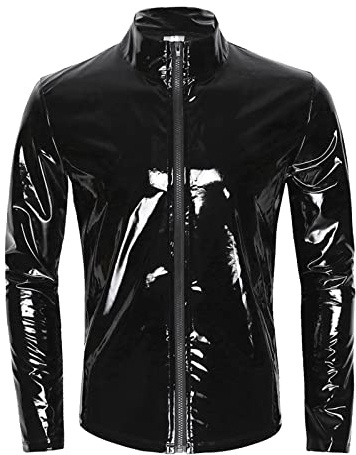 Herren Lack-Optik Jacke Kurze Mantel Oberteile Männer Kunstleder Hemd T-Shirt Slim Fit Latex Glänzend Tops Party Outwear Lack-Optik Oberteile Kurzarmshirts Kunstleder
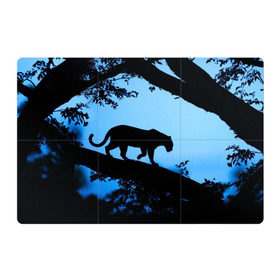 Магнитный плакат 3Х2 с принтом Чёрная пантера в Екатеринбурге, Полимерный материал с магнитным слоем | 6 деталей размером 9*9 см | Тематика изображения на принте: африка | вечер | дерево | дикая кошка | закат | леопард | сафари | ягуар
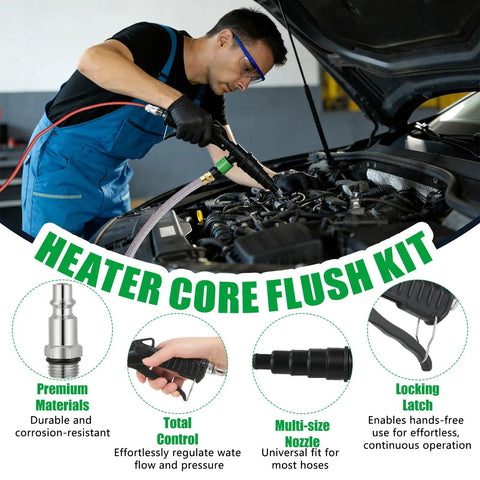 Heavy Duty Radiator Coolant Flush Gun With Manual Twin Pump To Blow Out Stubborn Buildup And Rust From Heater Cores And Entire Cooling System For A Smooth Running Rig in use on vehicle engine.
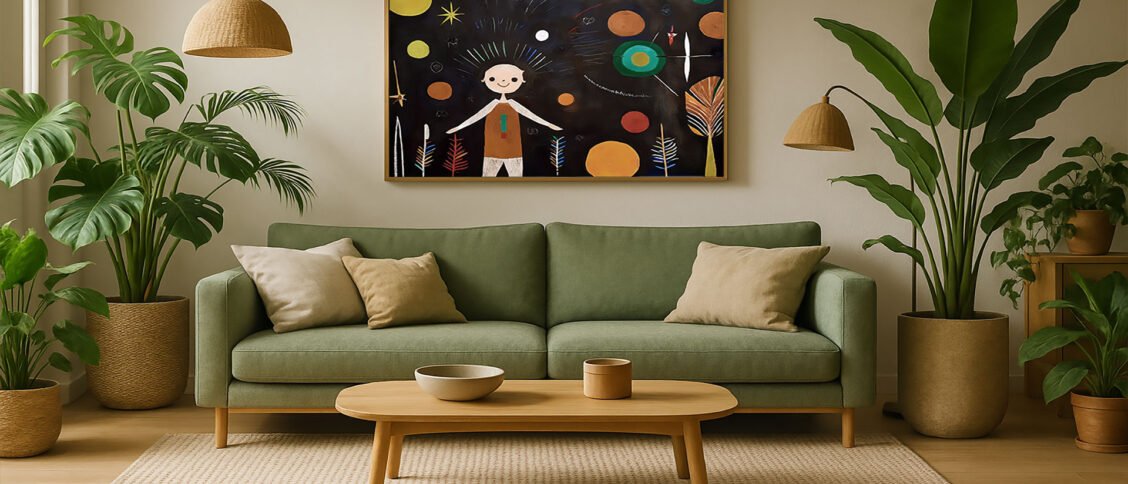 Eco-friendly modern living room with sofa, flanked by plants and rattan lamps. An abstract painting is behind the sofa.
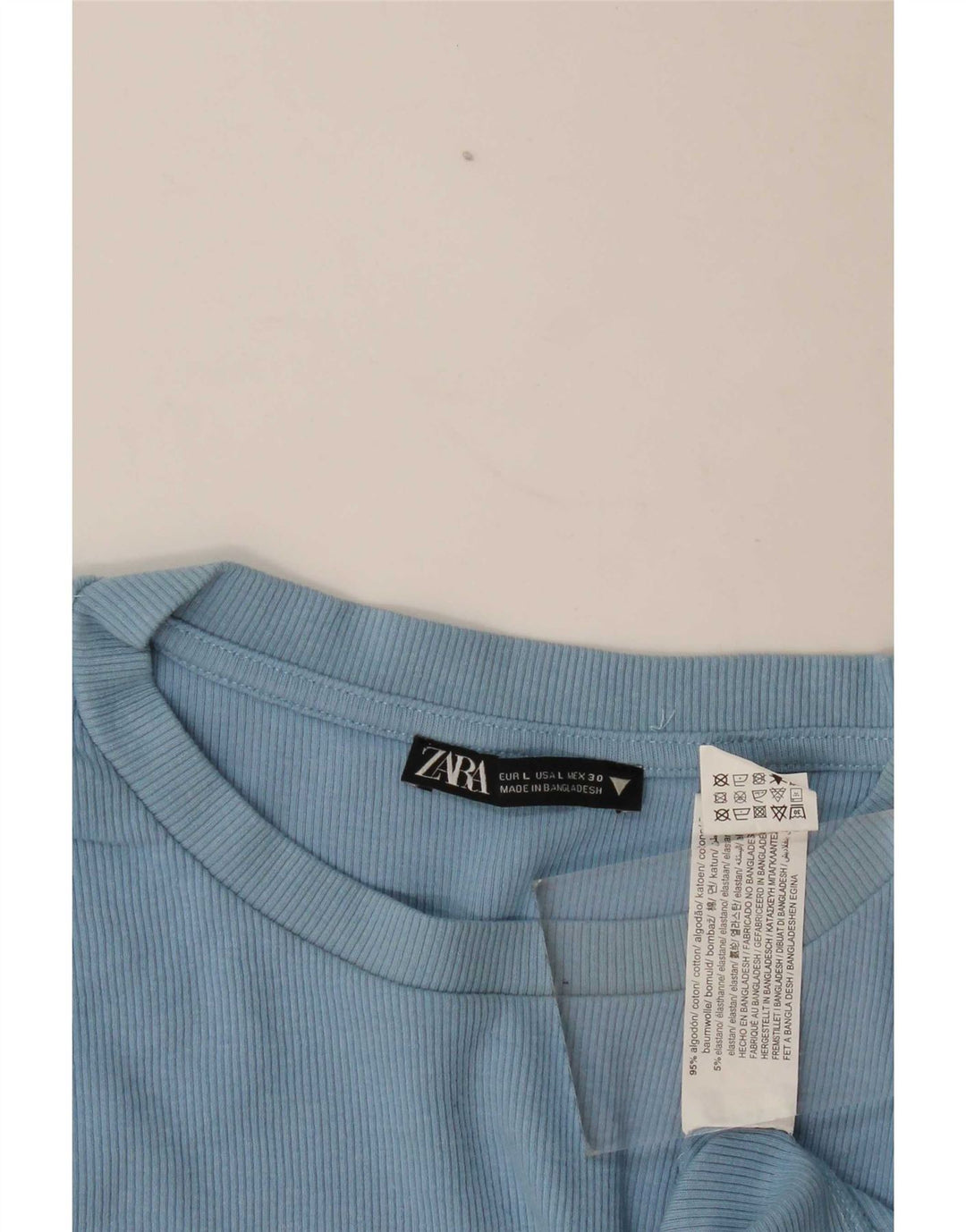 Zara Mujer Crop Blusa Top Reino Unido 44 Grande Algodón Azul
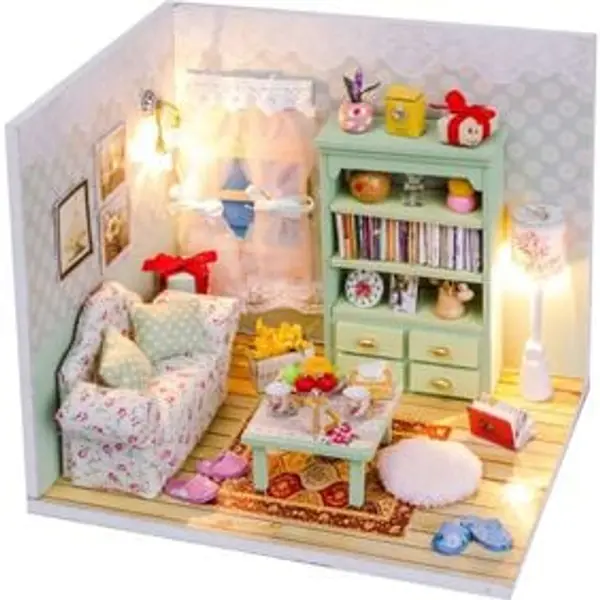 Maison miniature à assembler avec lumière LED - Salon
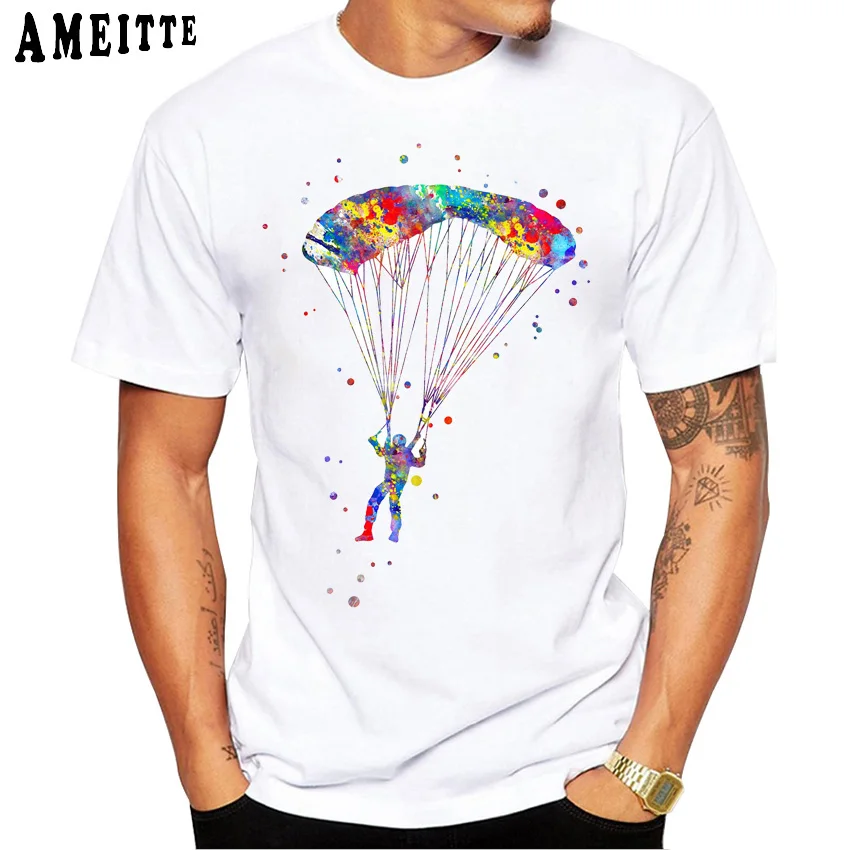 Newest Summer Men Short Sleeve Paraglider Flying Extreme sport Classic T-Shirt Casual Tops Harajuku Skydiving Design Man Tee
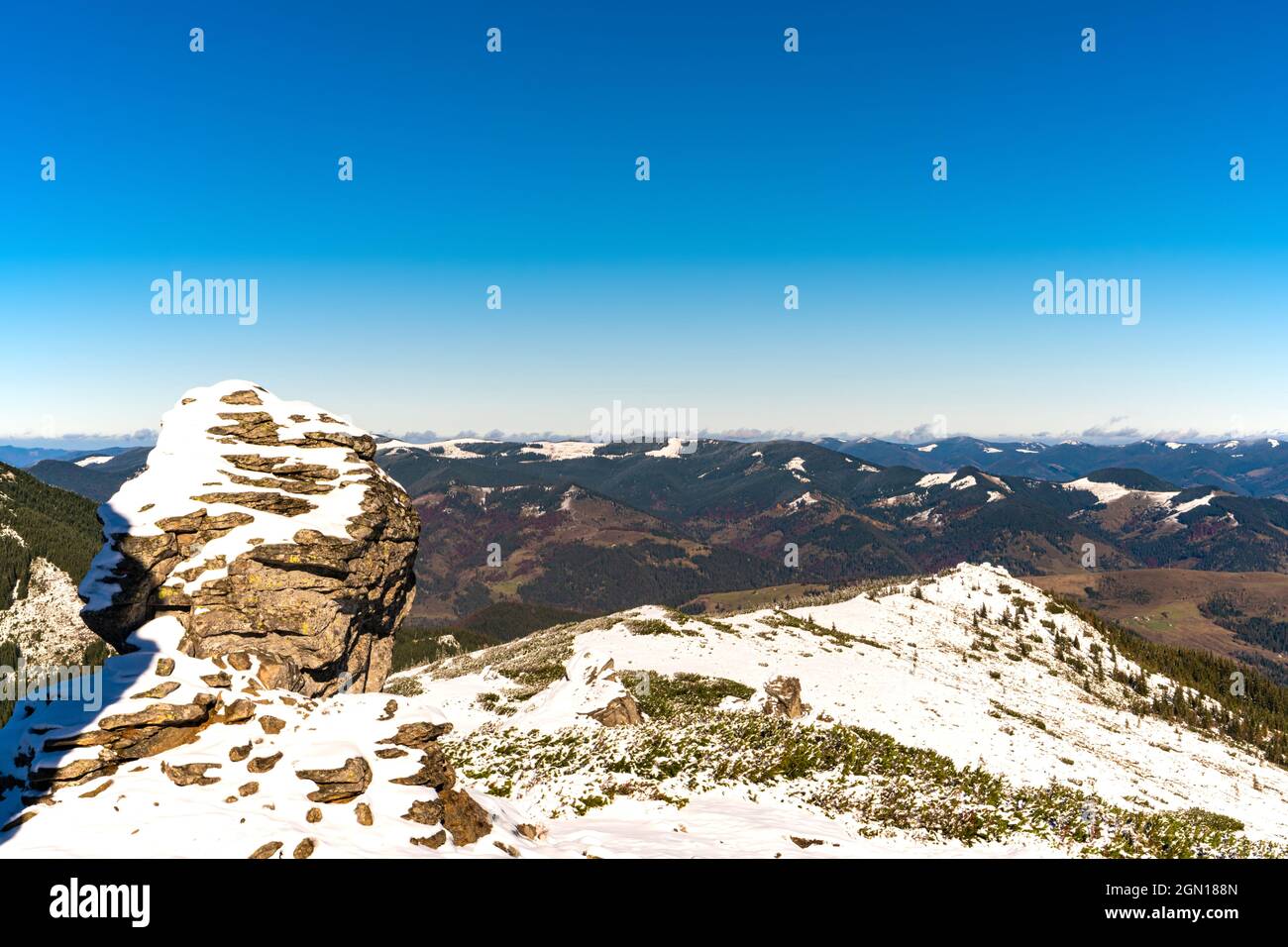 Landscapes of the Carpathian Mountains, covered with large stone ledges in Ukraine, near the village of Dzembronya Stock Photo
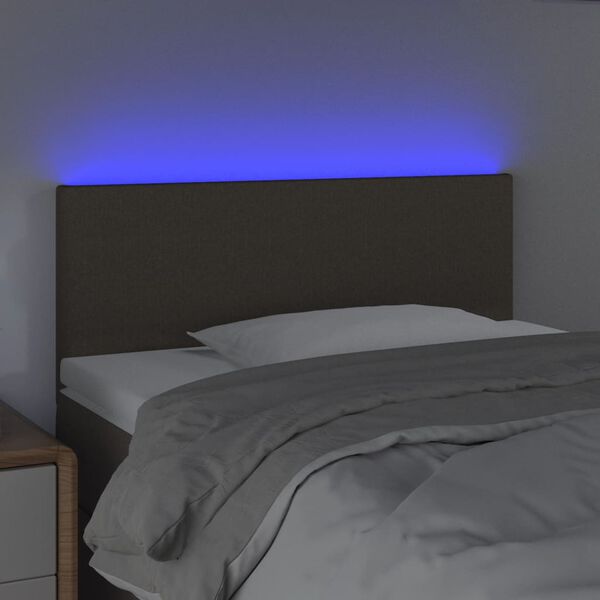 vidaXL Cabeceira cama luzes LED tecido 100x5x78/88cm cinza-acastanhado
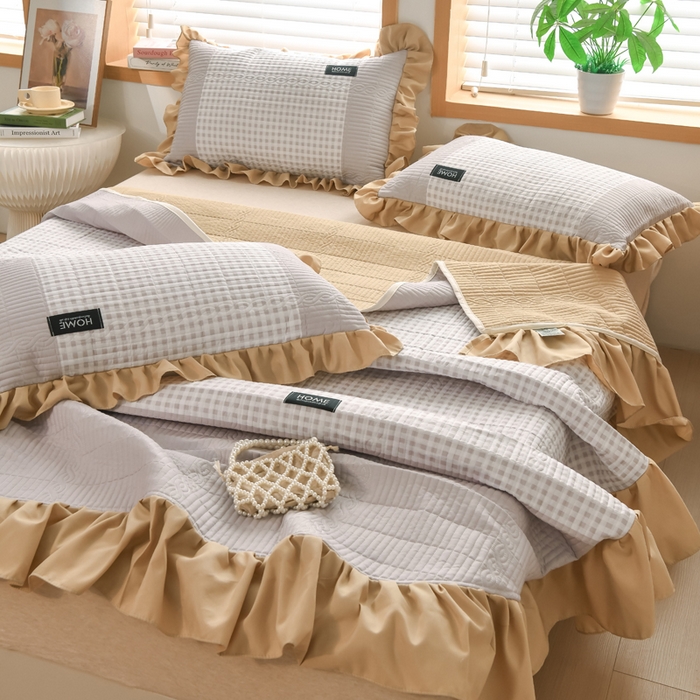 91家纺网 家纺一手货源 找家纺 鹿辉家居（原吉欧力） 2025新款无印风数码床盖三件套 无印风-咖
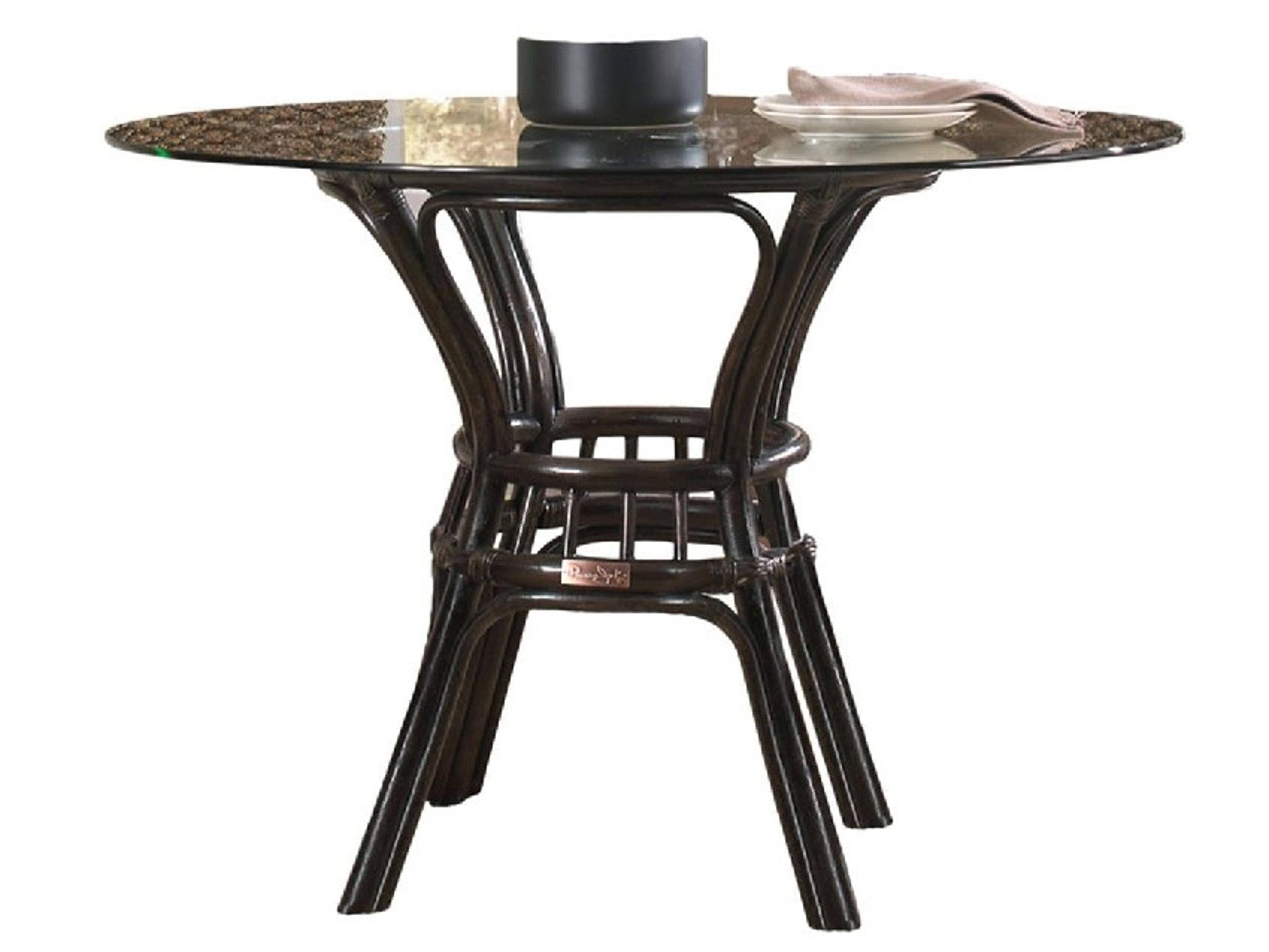 Panama Jack Sunroom Sanibel Antique Wicker Round Glass Top Stackable Patio Dining Table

━━━━━━━━━━

### What you will do
Nothing but the lines from the beginning of the material through the line with "Landscapes of the" should appear, printed exactly, with no pictures among them.

### Written response
 Herren Lack-Optik Jacke Kurze Mantel Oberteile Männer Kunstleder Hemd T-Shirt Slim Fit Latex Glänzend Tops Party Outwear Lack-Optik Oberteile Kurzarmshirts Kunstleder
 Магнитный плакат 3Х2 с принтом Чёрная пантера в Екатеринбурге, Полимерный материал с магнитным слоем | 6 деталей размером 9*9 см | Тематика изображения на принте: африка | вечер | дерево | дикая кошка | закат | леопард | сафари | ягуар
 Heavy Duty Radiator Coolant Flush Gun With Manual Twin Pump To Blow Out Stubborn Buildup And Rust From Heater Cores And Entire Cooling System For A Smooth Running Rig in use on vehicle engine.
 Eco-friendly modern living room with sofa, flanked by plants and rattan lamps. An abstract painting is behind the sofa.
 Zara Mujer Crop Blusa Top Reino Unido 44 Grande Algodón Azul
 Maison miniature à assembler avec lumière LED - Salon
 Newest Summer Men Short Sleeve Paraglider Flying Extreme sport Classic T-Shirt Casual Tops Harajuku Skydiving Design Man Tee
 Landscapes of the Carpathian Mountains, covered with large stone ledges in Ukraine, near the village of Dzembronya Stock Photo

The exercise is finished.